Quand Moscou montre ses ambitions en Afrique

La Russie de Vladimir Poutine se positionne comme une troisième voie en Afrique, entre la Chine et les Occidentaux.

Vladimir Poutin reçoit au Kremlin le président du Congo, Denis Sassou Nguesso, le 23 mai 2019.
Vladimir Poutin reçoit au Kremlin le président du Congo, Denis Sassou Nguesso, le 23 mai 2019. (EVGENIA NOVOZHENINA / POOL)
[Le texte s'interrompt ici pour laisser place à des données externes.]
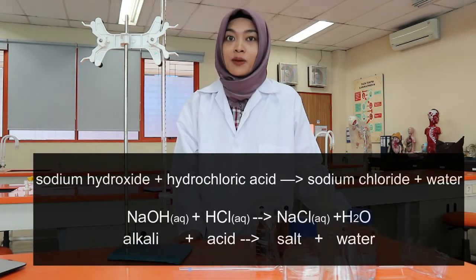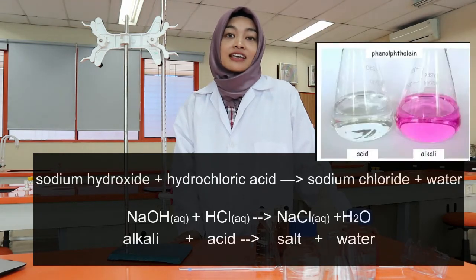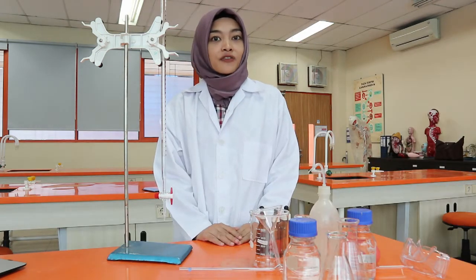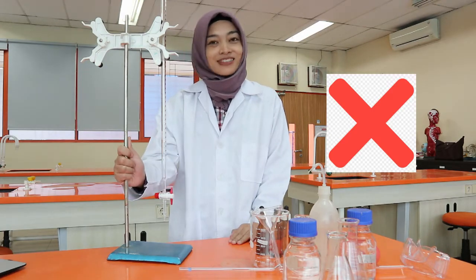Today, we will do a simple titration between sodium hydroxide and hydrochloric acid using a PP indicator. PP indicator is colorless in acid but turns pink in alkaline solution. At the end of this video, you will also help me determine which set of data results is accurate and which one is not. So, let's have fun!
Les 23 et 24 octobre 2019 se tiennent le forum économique et le sommet Russie-Afrique à Sotchi. La date va marquer le grand retour de la Russie en Afrique. Une trentaine de dirigeants africains sont attendus, dont le président égyptien Abdel Fattah al-Sissi notamment, qui copréside le sommet avec Vladimir Poutine. Ce "grand retour" est en fait sur les rails depuis quelques années. Vladimir Poutine s’est attaché depuis qu’il est au pouvoir à redonner sa place à la Russie sur le continent. Une affaire qui est à la fois économique et idéologique.

Qui ?

Déjà en 2006, Poutine avait décidé d’effacer la dette militaire algérienne qui s’élevait tout de même à 4,7 milliards de dollars. Si la diplomatie russe soigne à la fois les vieux amis, les anciens "pays frères" de l’époque soviétique, elle tend aussi la main à de nouveaux pays. Son arrivée en Centrafrique en 2018 a d‘ailleurs provoqué pas mal de remous. Des officines russes privées viennent former les soldats de l’armée régulière, ce qui a fortement déplu à la France. Selon France Culture, la Russie a désormais "une présence poussée" dans au moins dix pays du continent.

Comment ?

La doctrine n’a pas beaucoup changé depuis l’URSS. En échange du soutien militaire (conseillers et vente d’armes), Moscou veut sa part du gâteau des richesses naturelles du continent. "Près de deux tiers des investissements russes en Afrique se portent sur les secteurs énergétiques et miniers", a expliqué Roland Marchal du CERI. Mais il a précisé que ce commerce n’a rien à voir avec celui de la Chine. 3,5 milliards de dollars d’un côté contre 200 milliards de l’autre. La Russie est un nain économique.

Pourquoi ?

Tisser un réseau semble surtout le but recherché par Moscou, car la Russie a tout ce qu’il faut chez elle comme matière première. Un réseau d’obligés qui sauront renvoyer l’ascenseur lors de votes délicats aux Nations unies, comme lors de l’annexion de la Crimée. "L'Afrique d'abord ne l'oublions pas a un paquet de voix important aux Nations unies. Et par conséquent, pour la Russie, ce n'est pas rien d'avoir une coopération politique avec les pays africains" explique Yuri Rubinski, membre de l’Académie des sciences de Moscou, à la Deutsche Welle. Le très poutinien média en ligne Sputnik cite l’exemple des engrais russes à destination de l’Afrique vendus deux fois moins cher, "en y éliminant les intermédiaires : le plus souvent ni russes, ni africains…" Seraient-ils européens ou américains ?

Quel résultat ?

Mais selon le journal sud-africain Mail & Guardian, le bilan de Vladimir Poutine en Afrique est bien maigre. "Tenir" la Centrafrique ne change pas la face du monde. Les candidats soutenus par le Kremlin à la présidentielle de Madagascar ont tous perdu. Jacob Zuma, désormais hors-jeu, n’a pas réussi à imposer à son pays l’accord sur le nucléaire avec la Russie. Enfin, Omar el-Béchir, tyran soudanais très proche du Kremlin, croupit en prison.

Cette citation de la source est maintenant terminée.